Cautionary Note Regarding Forward-Looking Information

This press release contains statements that constitute “forward-looking information” (collectively, “forward- looking information“) within the meaning of the applicable Canadian securities legislation. All statements, other than statements of historical fact, are forward-looking information and are based on expectations, estimates, and projections as of the date of this news release.

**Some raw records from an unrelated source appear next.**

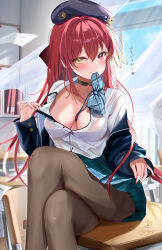 Rule 34 | 1girl, beret, black choker, blush, book, bow, bowtie, bowtie in mouth, unworn bowtie, breasts, choker, clothes lift, clothes pull, crossed legs, desk, hat, heterochromia, highres, hololive, houshou marine, houshou marine (businesswoman), houshou marine (school uniform), indoors, kabu usagi, lifted by self, long hair, medium breasts, mouth hold, pantyhose, plaid, plaid skirt, pulled by self, red eyes, red hair, red nails, school desk, shirt, shirt pull, sitting, skirt, skirt lift, solo, thighs, virtual youtuber, white shirt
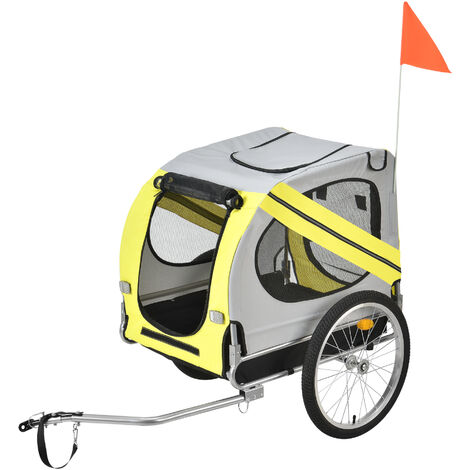 Rimorchio per Bicicletta per Trasporto Cani 138 x 71 x 90 cm Carrello per Trasporto Animali Domestici Carico Max.26 kg - Giallo-Griggio-Nero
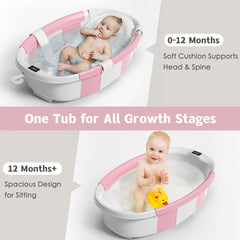 Himold collapsible baby bathtub folded in seconds for easy storage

Any statement that discusses predictions, expectations, beliefs, plans, projections, objectives, assumptions, future events, or performance (often but not always using phrases such as “expects”, “does not expect”, “is expected”, “anticipates” or “does not anticipate”, “plans”, “budgets”, “schedules”, “forecasts”, “estimates”, “believes” or “intends” or variations of such words and phrases or stating that certain actions, events, or results “may” or “could”, “would”, “might” or “will” be taken to occur or be achieved) are not statements of historical fact and may be forward-looking information.

In disclosing the forward-looking information contained in this press release, the Company has made certain assumptions, including that final approvals for the Transaction will be received. Although the Company believes that the expectations reflected in such forward-looking information are reasonable, it can give no assurance that the expectations of any forward- looking information will prove to be correct. Known and unknown risks, uncertainties, and other factors may cause actual results and future events to differ materially from those expressed or implied by such forward- looking information. Such factors include but are not limited to: delay or failure to receive regulatory approvals; and general business, economic, competitive, political, and social uncertainties. Accordingly, readers should not place undue reliance on the forward-looking information contained in this press release. Except as required by law, the Company disclaims any intention and assumes no obligation to update or revise any forward-looking information to reflect actual results, whether as a result of new information, future events, changes in assumptions, changes in factors affecting such forward-looking information, or otherwise.

For further information, please contact:

Buffalo Potash Corporation

Steve Halabura | Chief Executive Officer

Email: steveh@conceptforge.ca | Phone: 1-306-220-7715

Investors are cautioned that, except as disclosed in the filing statement to be prepared in connection with the Transaction, any information released or received with respect to the Transaction may not be accurate or complete and should not be relied upon. Trading in the securities of the Company should be considered highly speculative.

The TSX Venture Exchange has in no way passed upon the merits of the proposed Transaction and has neither approved nor disapproved the contents of this news release.

Not for distribution to United States newswire services or for dissemination in the United States.